SUMMARY OF THE INVENTION
The aforementioned needs for an improved nonwoven wiper are
addressed by the present invention which provides a highly
absorbent nonwoven fabric. The nonwoven fabric includes a first
composite layer that includes from about 50% to about 90% by weight
non-thermoplastic absorbent staple fibers and from about 10% to
about 50% by weight thermoplastic fibers. A preponderance of the
fibers at a first outer surface of the first composite layer
comprise non-thermoplastic absorbent staple fibers and a
preponderance of the fibers at a second outer surface of the first
composite layer comprise thermoplastic fibers. The nonwoven fabric
further includes a second composite layer that includes from about
50% to about 90% by weight non-thermoplastic absorbent staple
fibers and from about 10% to about 50% by weight thermoplastic
fibers. The second composite layer is adjacent the second outer
surface of the first composite layer. The nonwoven fabric further
includes bonded regions wherein a portion of the thermoplastic
fibers of the first composite layer are fused to a portion of the
thermoplastic fibers of the second composite layer, and further
wherein the bonded regions have a plurality of contiguous
voids.
Desirably, the contiguous voids allow substantial flow of absorbed
liquids within the bonded regions. In one aspect, the bonded
regions comprise discrete bond points arranged in a pattern on the
surface of the nonwoven fabric. In a further aspect, the bonded
regions are ultrasonically bonded.
In one aspect, the bonded regions are substantially porous in the
z-direction, i.e., the direction perpendicular to the surface of
the nonwoven fabric. Desirably, the bonded regions are porous in
the x- and y-directions, i.e., the directions parallel to the
surface of the nonwoven fabric. Even more desirably, the bonded
regions are substantially porous in all directions, i.e., the x-,
y-, and z-directions.
In one aspect, the bonded regions provide sufficient strength to
inhibit delamination of the layers during wiping applications. Peel
strength is a test designed to measure the strength between layers
that are bonded together. Desirably, the peel strength of the
nonwoven fabric ranges from about 50 grams to about 500 grams, and,
more desirably, the peel strength ranges from about 50 grams to
about 300 grams. Desirably, the nonwoven fabric has a basis weight
of from about 40 gsm to about 300 gsm.
In one aspect, the non-thermoplastic absorbent staple fibers
comprise pulp fibers. In a further aspect, the thermoplastic fibers
comprise substantially continuous filaments. Desirably, the
thermoplastic fibers comprise substantially continuous
polypropylene filaments.
In a further aspect, a preponderance of the fibers at a first outer
surface of the second composite layer comprise non-thermoplastic
absorbent staple fibers and a preponderance of the fibers at a
second outer surface of the second composite layer comprise
thermoplastic fibers. Desirably, the second outer surface of the
second composite layer is adjacent the second outer surface of the
first composite layer.
In another embodiment, a nonwoven fabric includes a first composite
layer that includes non-thermoplastic absorbent staple fibers and
thermoplastic fibers, a second composite layer that includes
non-thermoplastic absorbent staple fibers and thermoplastic fibers
wherein the second composite layer is adjacent the first composite
layer, and bonded regions wherein a portion of the thermoplastic
fibers of the first composite layer are fused to a portion of the
thermoplastic fibers of the second composite layer, and further
wherein the bonded regions have a plurality of contiguous
voids.
Other features and aspects of the present invention are discussed
in greater detail below.
BRIEF DESCRIPTIONS OF THE DRAWINGS
FIG. 1 is a schematic view of an exemplary process used to ply
together layers of nonwoven materials.
FIG. 2 is a schematic view of an exemplary process used to produce
the plies of nonwoven materials.
FIG. 3 is an SEM image of a cross-sectional view of an exemplary
thermal bond between two plies of thermoplastic filaments.
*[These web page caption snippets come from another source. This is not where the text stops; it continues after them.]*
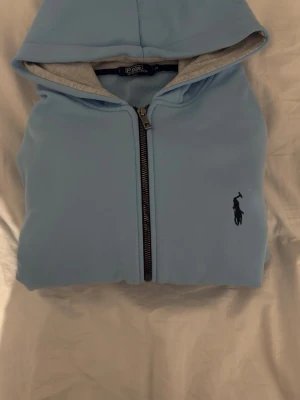 Ljusblå hoodie från Polo Ralph Lauren - Snygg ljusblå hoodie från Polo Ralph Lauren med dragkedja och mörkblå broderad logga på bröstet. Utsidan är i mjuk bomull och insidan av huvan är grå. Perfekt för en chill och stilren look.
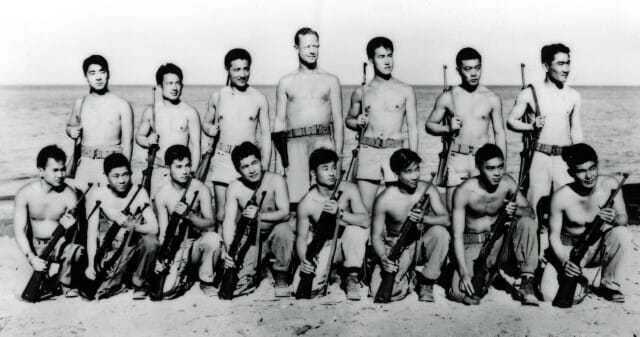 Black and white photo of a group of young men.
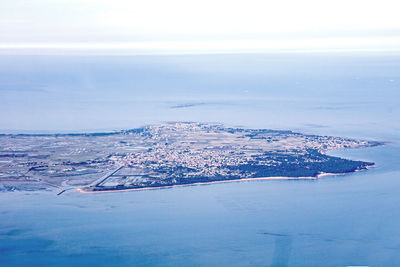 Aerial view of sea and cityscape against sky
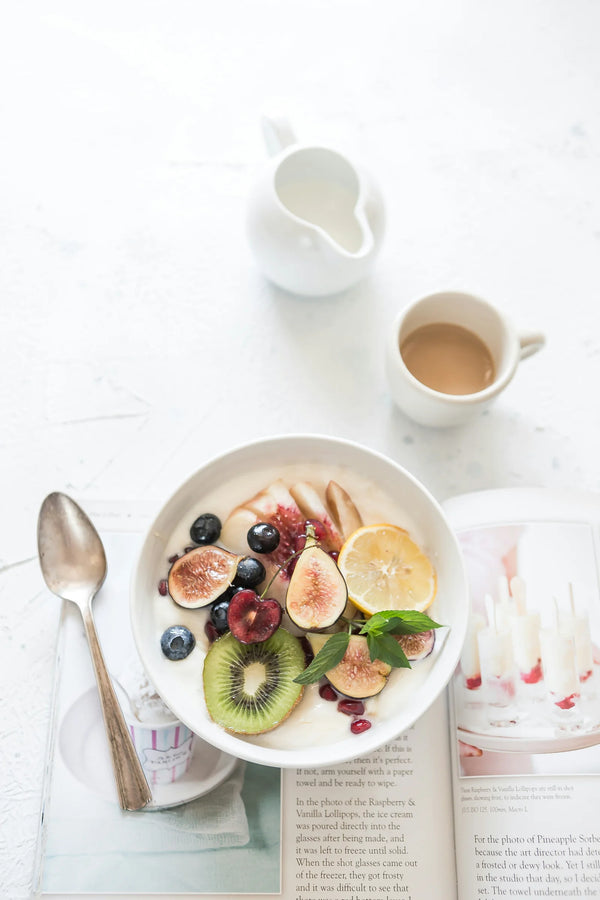 Breakfast bowl with figs, kiwi, blueberries and lemon on a white table next to a coffee cup and an open book, photo by Brooke Lark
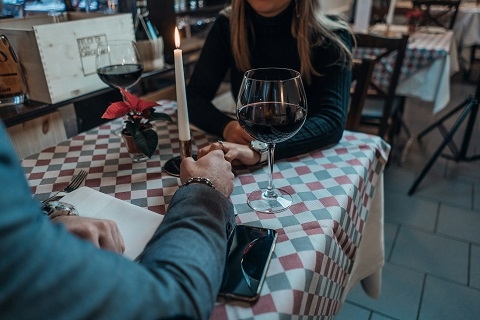 people on a date sitting at a table in Albuquerque, NM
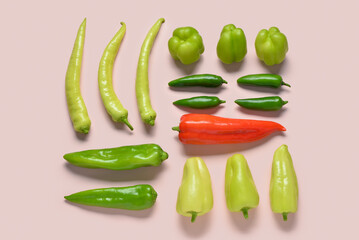 Different fresh peppers on pink background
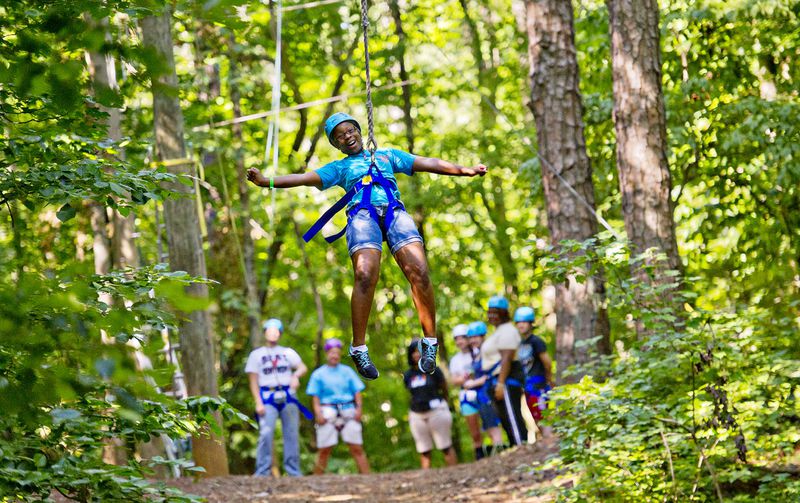 Noa Bennafield flies through the air on a zip line at Camp Timber Ridge in Mableton. The Girl Scout camp is one of 48 in Georgia accredited by the American Camp Association. JONATHAN PHILLIPS / SPECIAL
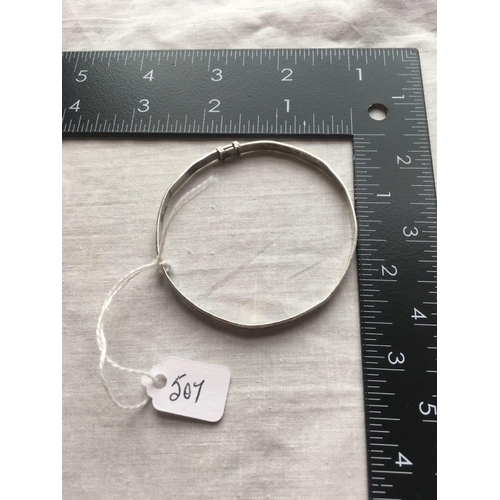 507 - A slim silver bangle with floral design BY CHARLES HORNER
FIG. 4 is an SEM image of a cross-sectional view of an exemplary
ultrasonic bond between two plies of hydraulically entangled
composite materials containing thermoplastic filaments and pulp
fibers.
DEFINITIONS
The term "machine direction" as used herein refers to the direction
of travel of the forming surface onto which fibers are deposited
during formation of a nonwoven web.
The term "cross-machine direction" as used herein refers to the
direction which is perpendicular to the machine direction defined
above.
The term "staple fibers" as used herein refers to either natural
fibers or cut lengths from filaments produced from conventional
staple fiber spinning and drawing processes.
The term "pulp" as used herein refers to fibers from natural
sources such as woody and non-woody plants. Woody plants include,
for example, deciduous and coniferous trees. Non-woody plants
include, for example, cotton, flax, esparto grass, milkweed, straw,
jute, hemp, and bagasse.
As used herein, the term "substantially continuous" filaments or
fibers refers to filaments or fibers prepared by extrusion from a
spinneret, including without limitation spunbonded and meltblown
fibers. Substantially continuous filaments or fibers may have
average lengths ranging from greater than about 20 centimeters to
more than one meter, and up to the length of the web or fabric
being formed. Additionally and/or alternatively, the definition of
"substantially continuous" filaments or fibers includes those which
are not cut prior to being formed into a nonwoven web or fabric,
but which are later cut when the nonwoven web or fabric is cut.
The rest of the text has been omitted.